> _What the exercise asks_:
Quote word for word the lines starting at the line with "Jasminum sinense" and ending at the final line of the entries. Leave out any pictures.

★ ★ ★ ★

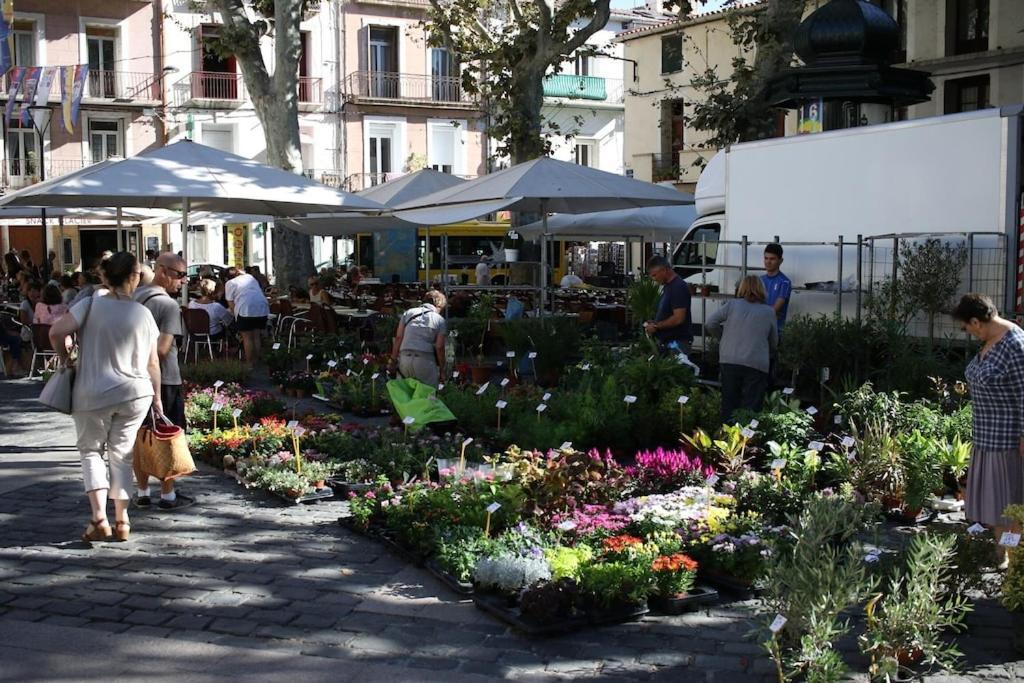Hidden Gem Au Coeur De Sete & Vue Sur Mont St Clair公寓 外观 照片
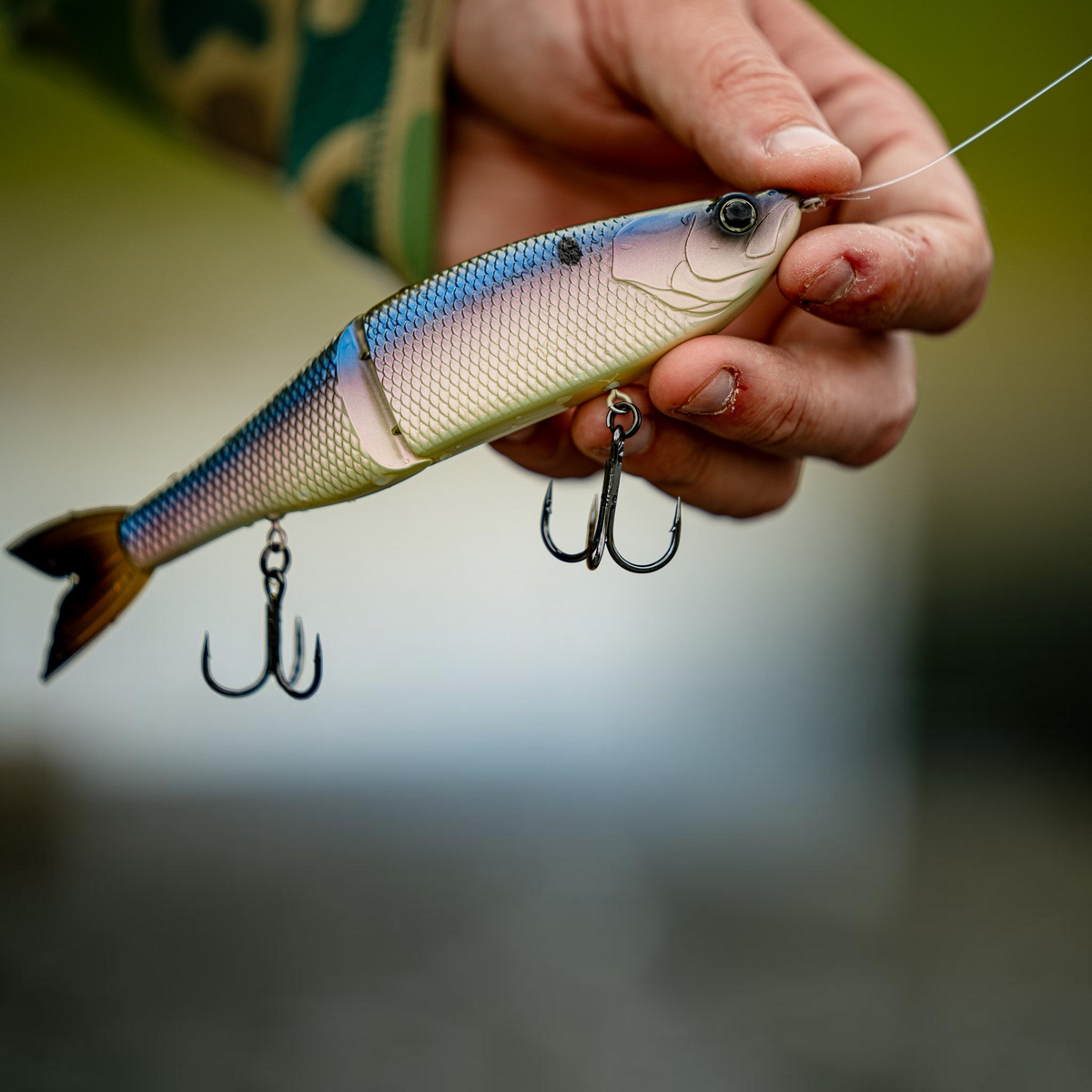 6th Sense The Draw 6.5 Glide Baits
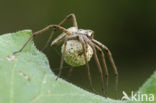 nursery web spider (Pisaura mirabilis)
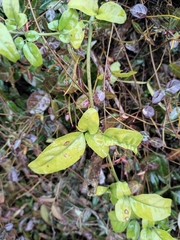 Jasminum sinense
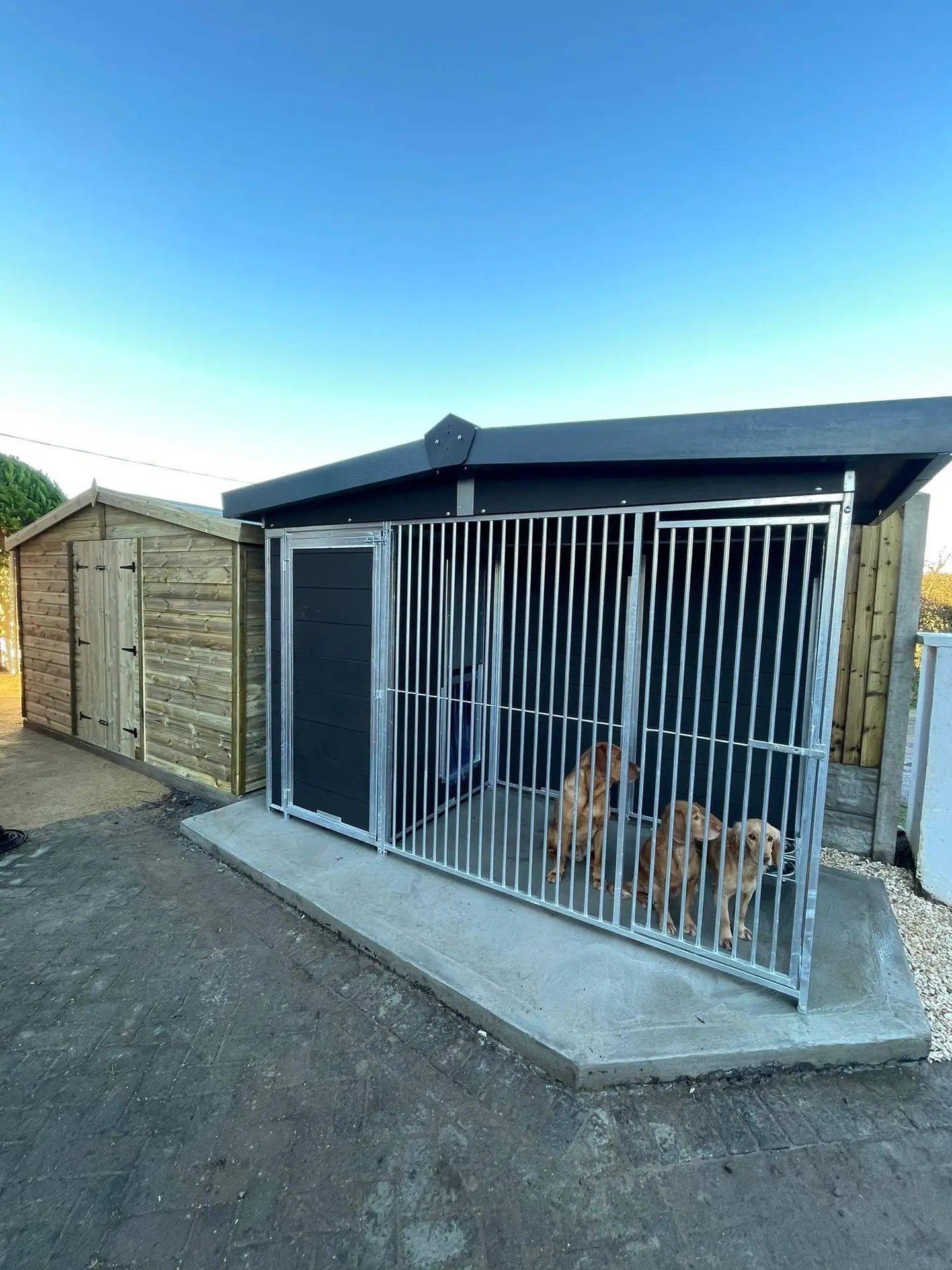 Single Eco Thermal Plastic Dog Kennel - 10 X 4 ft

★ ★ ★ ★

> _Response area_:
 Jasminum sinense
 Single Eco Thermal Plastic Dog Kennel - 10 X 4 ft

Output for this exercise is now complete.